4. Are JavaScript files being blocked in robots.txt?

5. Does the robots.txt file disallow parametised URLs?

6. Is the sitemap index URL(s) referenced in the robots.txt file?

7. You may also like:

Is there a robots.txt file?

Background information:

Not all websites have a robots.txt. In such cases, search engines will crawl everything because no rules have been defined.
This is not a bad thing and is perfectly normal for smaller websites with less than a hundred webpages.
Larger websites with thousands of URLs can benefit from having a robots.txt file.
But when configured incorrectly, a robots.txt can easily prevent a website from being found on Google search.

How to check if a website has a robots.txt file:

Append “robots.txt” to your root domain (e.g., www.danielkcheung.com/robots.txt)
If the page loads in your browser, a robots.txt file exists
- In this instance, mark ‘yes’ in the checklist
If you get a 404 error, a robots.txt filed does not exit
- In this instance, mark ‘no’ in the checklist

Possible answers:

yes
no
not applicable

What this means:

> If ‘yes’, review if any crawlers and search engines have been blocked.

>> If ‘no’, consider creating and uploading a robots.txt file especially if you suspect Google is having difficulty discovering your URLs.

Recommended reading:

‘robots.txt introduction and guide’ by Google Developers
‘robots.txt for SEO: the ultimate guide’ by ContentkingApp
‘robots.txt – everything SEOs need to know’ by Lumar

Are crawlers or search engine crawlers being blocked in the robots.txt file?

Background information:

The role of the robots.txt file is to instruct one or more search engines which files and URL paths it can crawl
You can apply rules to all search engines or give specific rules to a particular search engine
Therefore, it is perfectly normal to see certain crawlers being blocked from certain files and URLs

How to check if robots.txt is blocking Google using Search Console:

Note: the following does not work for Domain-verified GSC properties – if you don’t have URL-prefix properties, use the manual eyeball test

Go to Google’s Robots Testing Tool
Scroll through the robots.txt code to locate any highlighted syntax warnings and logic errors
Type in the URL of a page on your site in the text box at the bottom of the page
Select the user-agent you want to simulate in the dropdown list to the right of the text box
Click the TEST button to test access
Check to see if TEST button now reads ACCEPTED or BLOCKED to find out if the URL you entered is blocked from Google web crawlers
Edit the file on the page and retest as necessary.
Copy your changes to your robots.txt file on your site.

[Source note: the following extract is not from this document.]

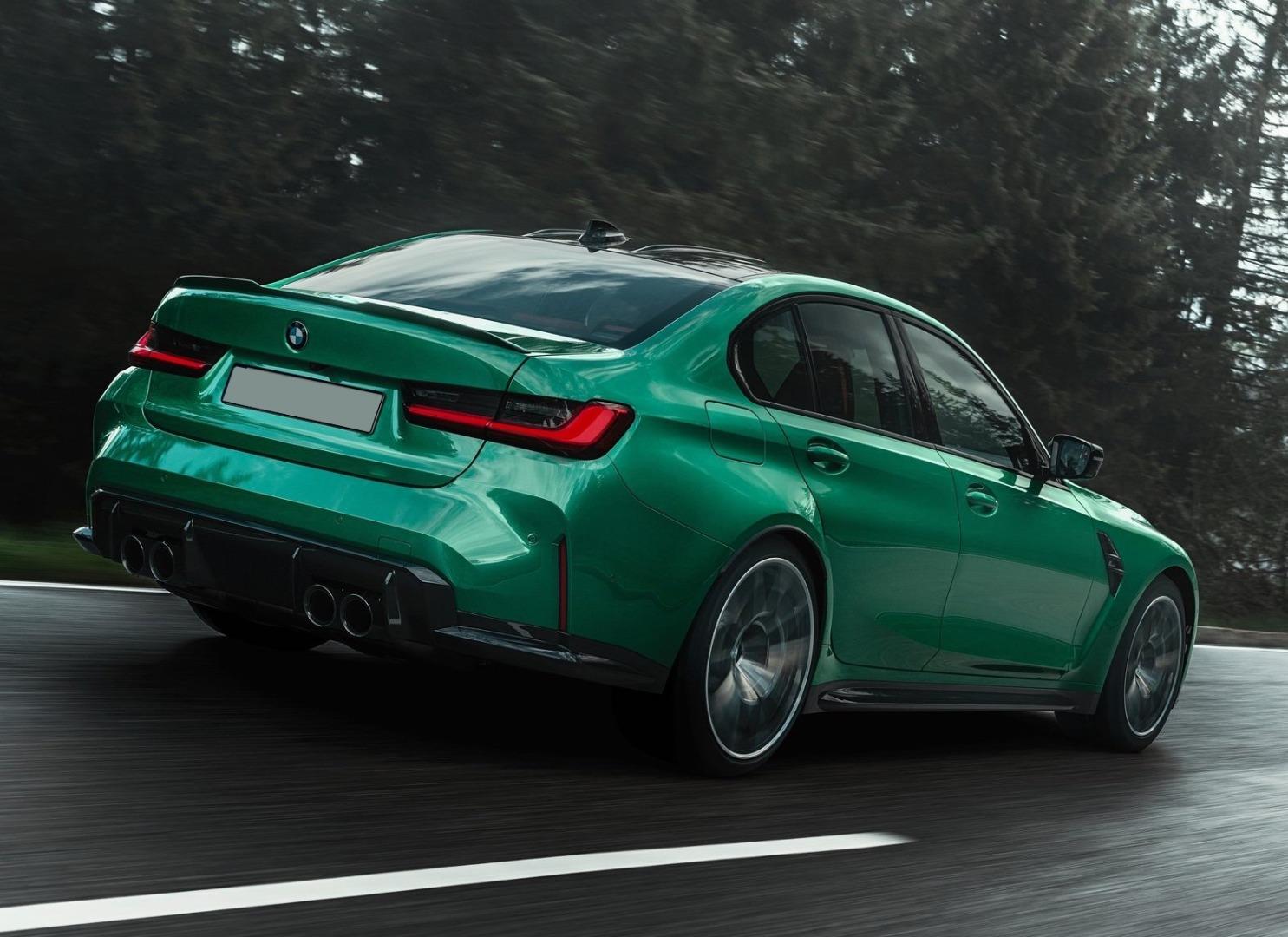 BMW M3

How to check if robots.txt is blocking any search engine manually:

Open the robots.txt file in your browser
See if any of the following instances exist in the file:
- User-agent: Googlebot
  Disallow: /
- User-agent: Bingbot
  Disallow: /
- User-agent: *
  Disallow: /
If you see any of the above instances, mark ‘yes’ in the checklist
If you do not see any user-agents being blocked, mark ‘no in the checklist’.

For example:

User-agent: *
Disallow: /admin
Disallow: /cart
Disallow: /orders
Disallow: /checkouts/
Disallow: /blogs/*+*
Disallow: /blogs/*%2B*
Disallow: /blogs/*%2b*
Disallow: /*/blogs/*+*
Disallow: /*/blogs/*%2B*

Possible answers:

yes
no
not applicable

What this means:

> If ‘yes’, one or more crawlers or search engines are being blocked. This is not necessarily wrong and your next step is to understand what is being blocked and why.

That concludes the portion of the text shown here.